姿が見えなくなると、その場に充満していた濃密な死の気配もさっぱりなくなった。和久田は尻餅をつき、後ろに手をついて体を支えた。

 一体何だったのだろう?

「あ、和久田さん」

 前触れなしに背後から声がして、彼は音の外れた悲鳴をあげた。後ろに立つ声の主はけらけらと笑う。

「なんですかもう、ひどい声出して」

「ああ、なんだ、フェルミか。いやすまん、ついさっき白いパルタイに会って、殺されるかと思ったんだ。それで、ちょっとびびった」

「ああゼンダーの反応が消えたんで来たんですけど、そういうわけでしたか」

 フェルミは黒いジャケットを着ていたが、これはパルタイのコスチュームではないいたって普通の品物だった。半西欧人の学生の姿で、ジャケットの下にはVネックのシャツを合せて、長い脚を包むパンツは白地にマゼンタや濃紺のペンキの跳ねのあるものを選んでいる。

「フェルミの方は何か感じたりしなかったか」

「そりゃあ、あの独特の感じは肌で感じてましたよ。でもそれが何であるかまではちょっとわからないですねえ。そう、白いパルタイでしたか」

 パルタイの少女は辻の中央に立っていたが、話しながら普段よりゆっくりした調子で歩いてきて、和久田を制して倒れていた彼の自転車を起こした。

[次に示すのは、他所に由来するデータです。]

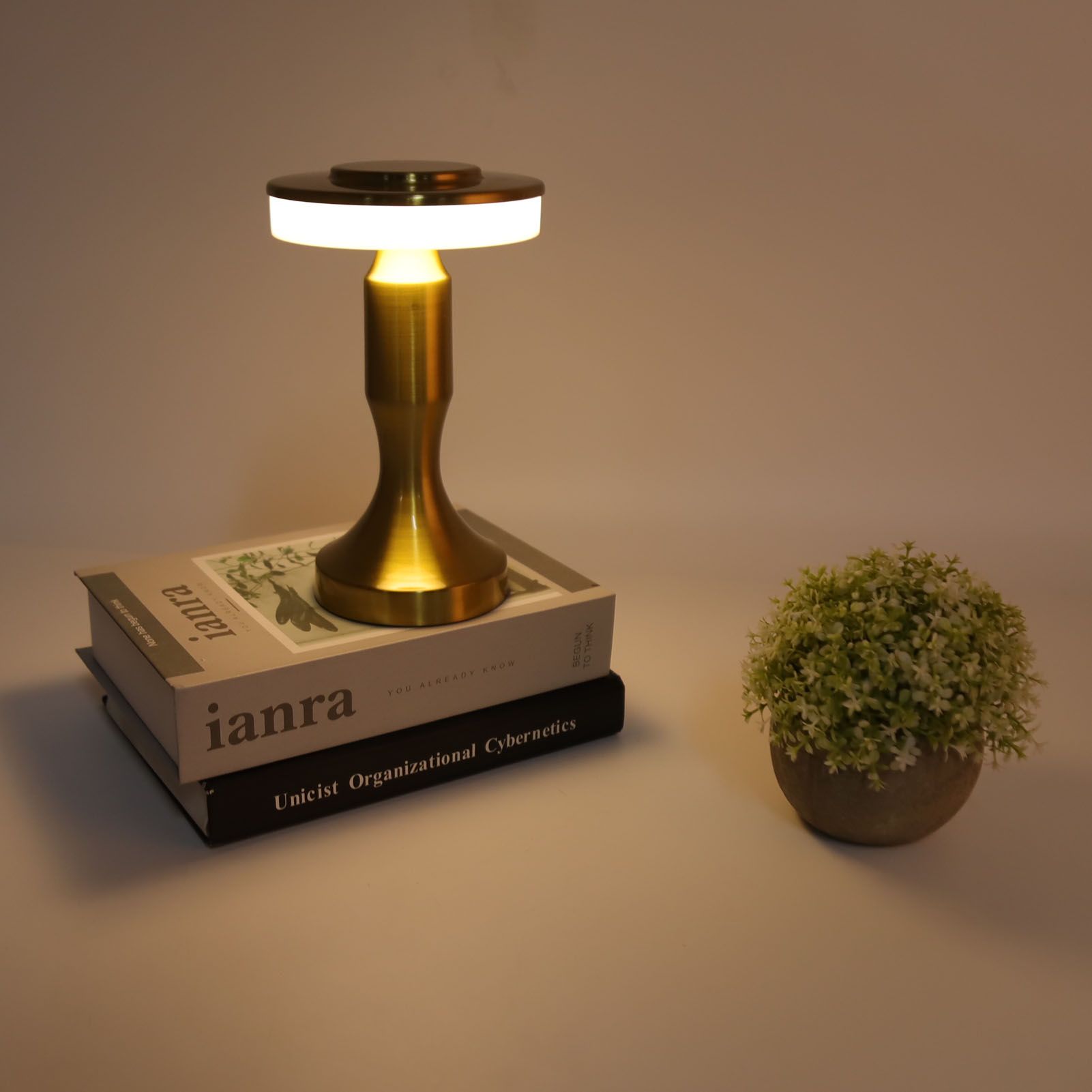 Portable LED Table Lamp Touch Sensor 3 Color Temperatures Rechargeable Battery view 9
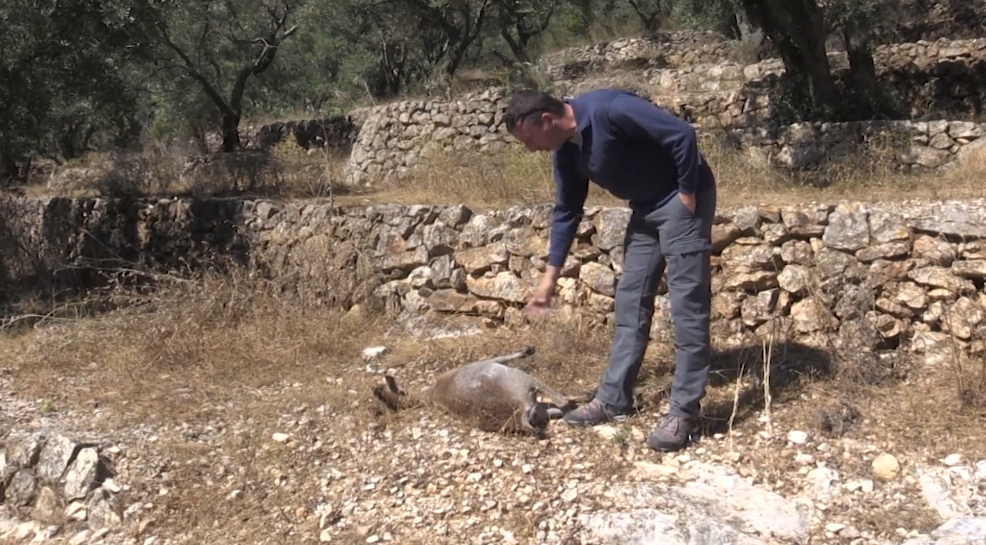 La sarna ha matat el 85% de la població de cabra ibèrica dels Ports en set anys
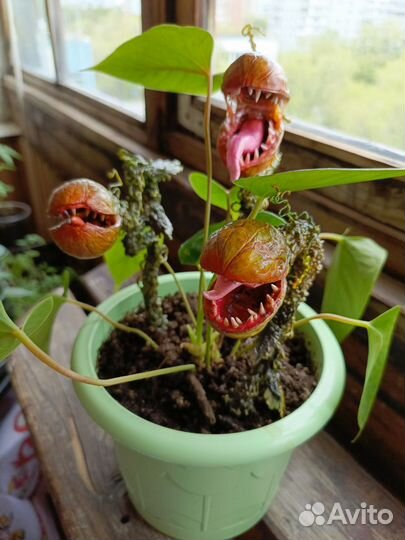 Украшение для дом. растения «Хищный цветок»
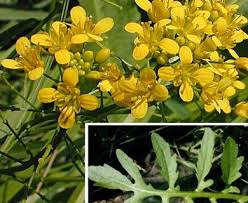 Attēlu rezultāti vaicājumam “Rorippa sylvestris”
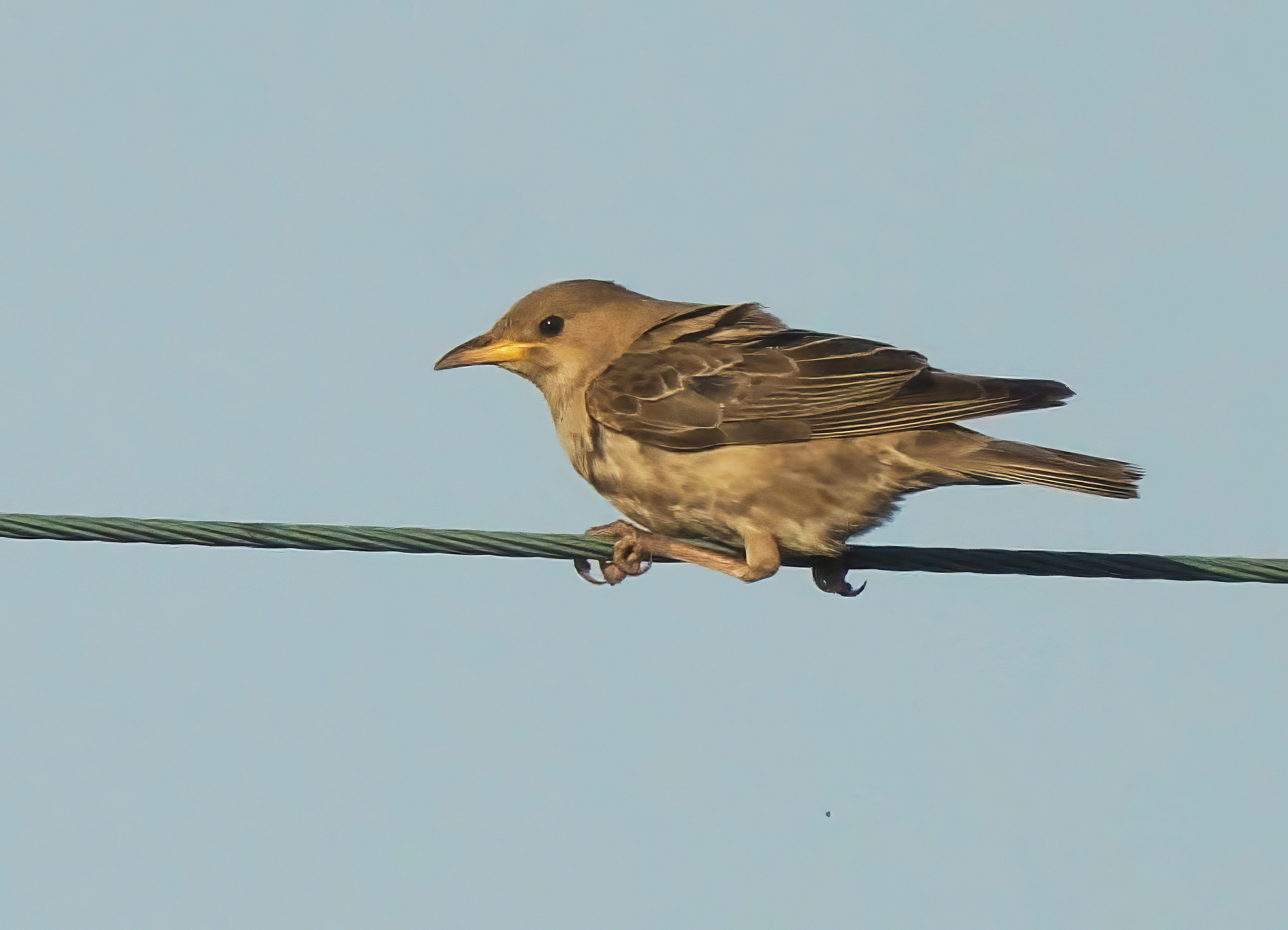 Rose-coloured Starling
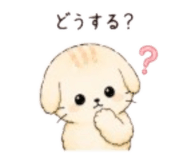 851620615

「実は白いパルタイと私には浅からぬ因縁がありましてね。いや厳密に言うと私から因縁をつけにいったような感じなんですけど、とにかく会えなかったのは残念かもしれませんね」

 そして和久田を見て、彼の方に向き直り、前触れなしにあの異様の気配をまき散らす童女の姿へと《変化》したのである。和久田はつい先刻までの害意に満ちた気配と少なからず似通ったこの雰囲気に思わず身震いした。童女は背負った直方体を地べたに置いて背面の金具を操作し、中身を漁りまわる。背負っているフェルミの背格好と併せて本当に小学生のランドセルのように見える。ランドセルはこんなに薄くないし、真っ当な小学生はこんな露出の多い服を好んで着たりはしないだろうけれど。

『ゼンダー壊れちゃったんでしょう?』

 そう言ってフェルミは新しいゼンダーを取り出した。見た目も、放たれる微妙な異様の感じも、つい先刻爪に貫かれたものとまったく同じである。

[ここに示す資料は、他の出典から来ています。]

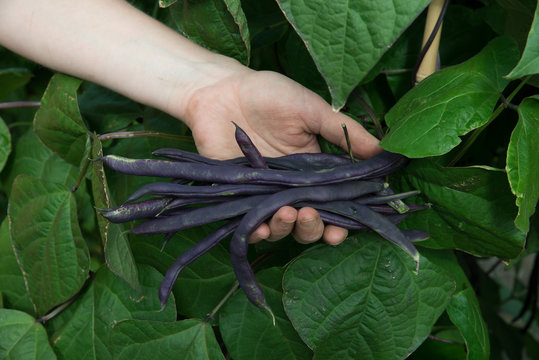 Close Up Of French Dwarf Beans 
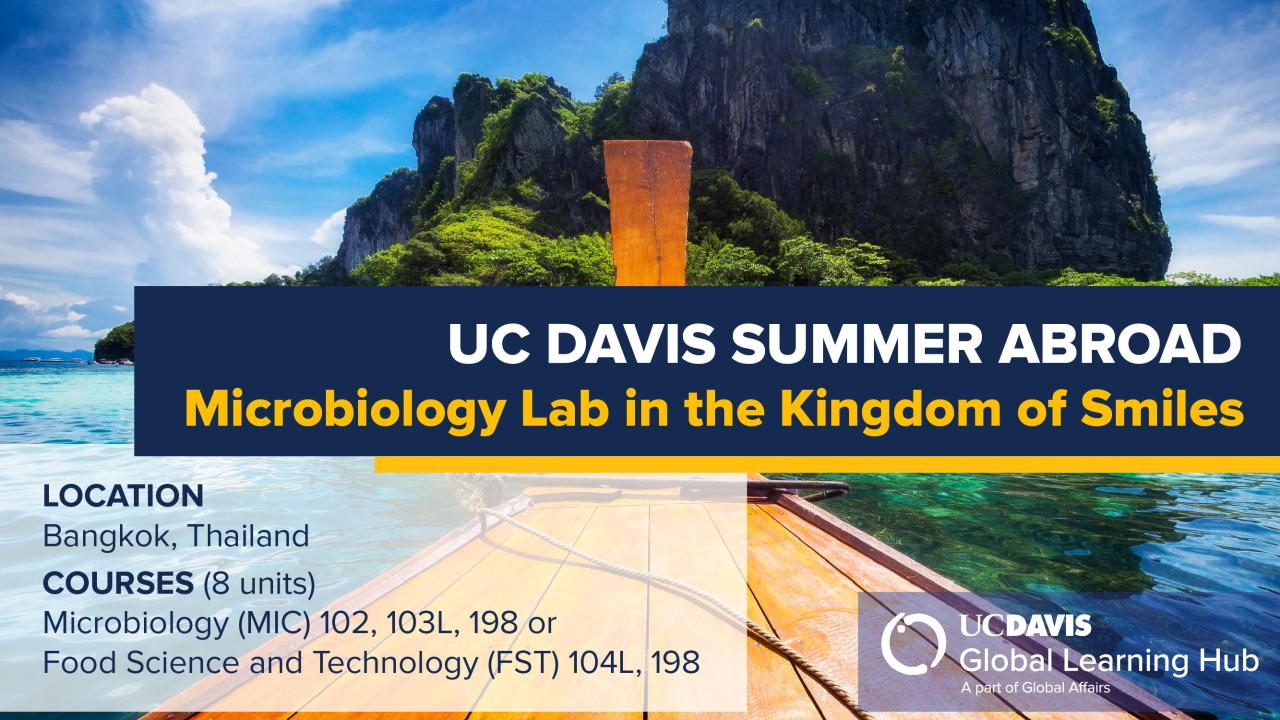 Graphic with text "UC Davis Summer Abroad Microbiology Lab in the Kingdom of Smiles"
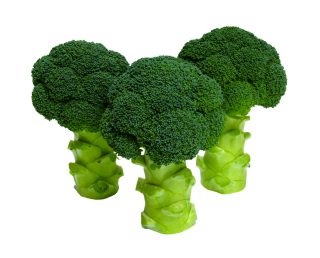 雪印種苗 ブロッコリー ドームツリー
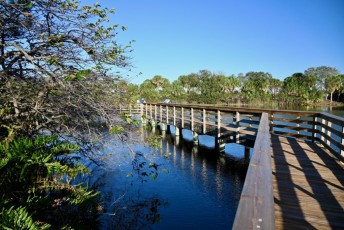 Wakodahatchee-Wetlands-delray-beach-floride8503
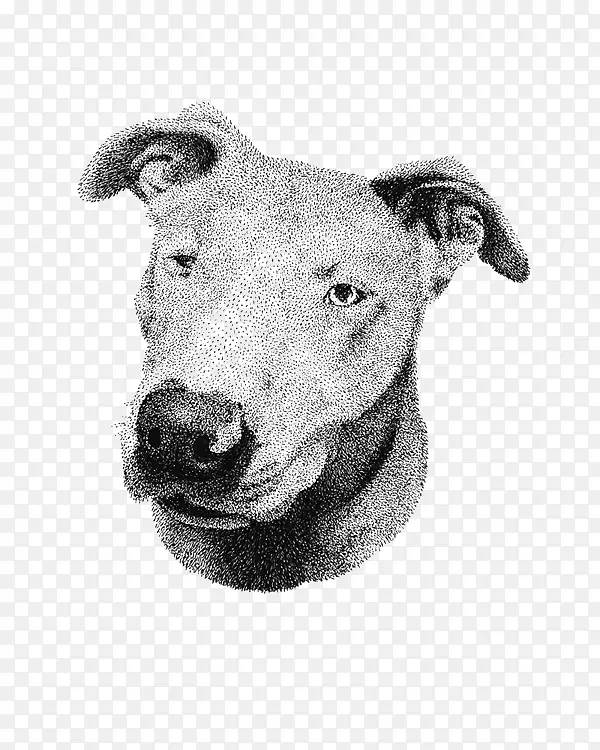 �ֻ涯��-������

『持ってもらってて損はありませんし、とりあえず、はい』

「ま、ま」

 動揺で言葉が出ない。その間にフェルミが新調のゼンダーをひょいと投げつける。とっさに掴み、そこで舌が回るようになった。

「待てフェルミ! さっきあの白いパルタイ、ゼンダーを壊したら帰ってったんだ、今またそれを出したら……」

 そう、白いパルタイがゼンダーを狙っていたことは疑いようがない。しかし彼は、ゼンダーの何を狙っていたのだろうか? ゼンダーを壊せばそれだけでよかったのか? ただのGPS端末のようなもののはずで、おまけに今見てわかるようにパルタイはいくらでも替えのゼンダーを持っている。そんなものを壊したところで何になる?

『だからこそですよ』

 フェルミの小さな手のひらに、B4ノート大の黒い端末が載せられていた。円形のスクリーンを挟んで並ぶボタンの一つを押すと、途端にゼンダーが声を発する。

『契約に先立って、一つ力を与えましょう』

「なんだって?」

 突然のことだったので、和久田にはすぐにはその言葉を聞き取れなかった。最後まで聞いてかろうじてドイツ語だとわかった。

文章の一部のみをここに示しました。